Dataset extract section start

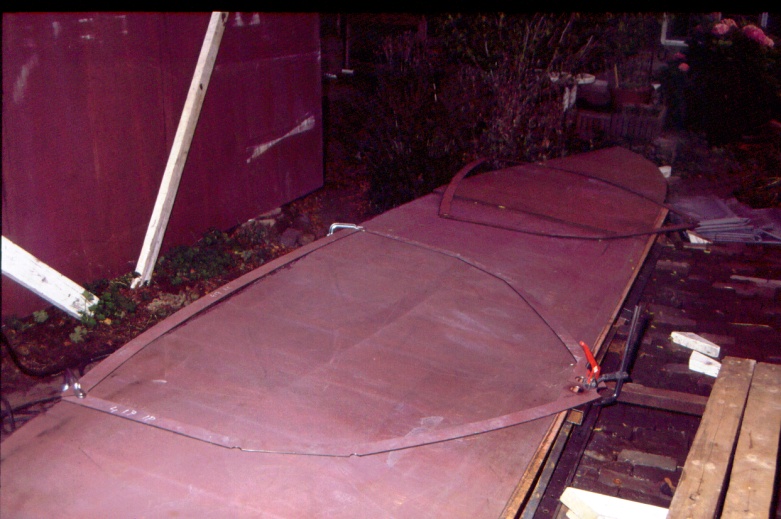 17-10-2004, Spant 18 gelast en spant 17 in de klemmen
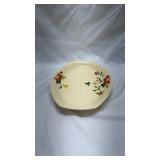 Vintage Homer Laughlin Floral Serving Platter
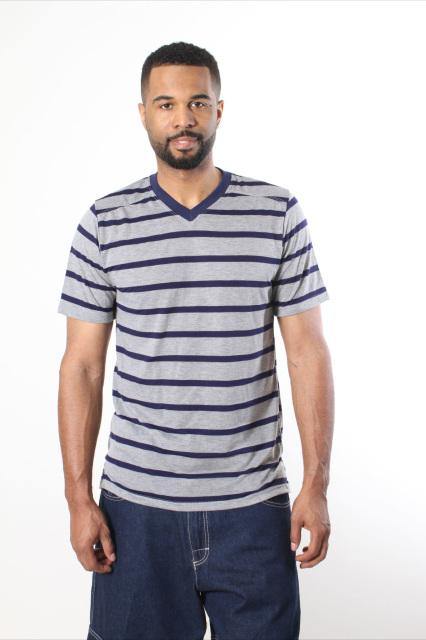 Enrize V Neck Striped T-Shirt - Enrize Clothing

Dataset extract section end

## What is being asked
This task calls for an exact copy of the data above, without pictures.

## Solution
 17-10-2004, Spant 18 gelast en spant 17 in de klemmen
 Vintage Homer Laughlin Floral Serving Platter
 Enrize V Neck Striped T-Shirt - Enrize Clothing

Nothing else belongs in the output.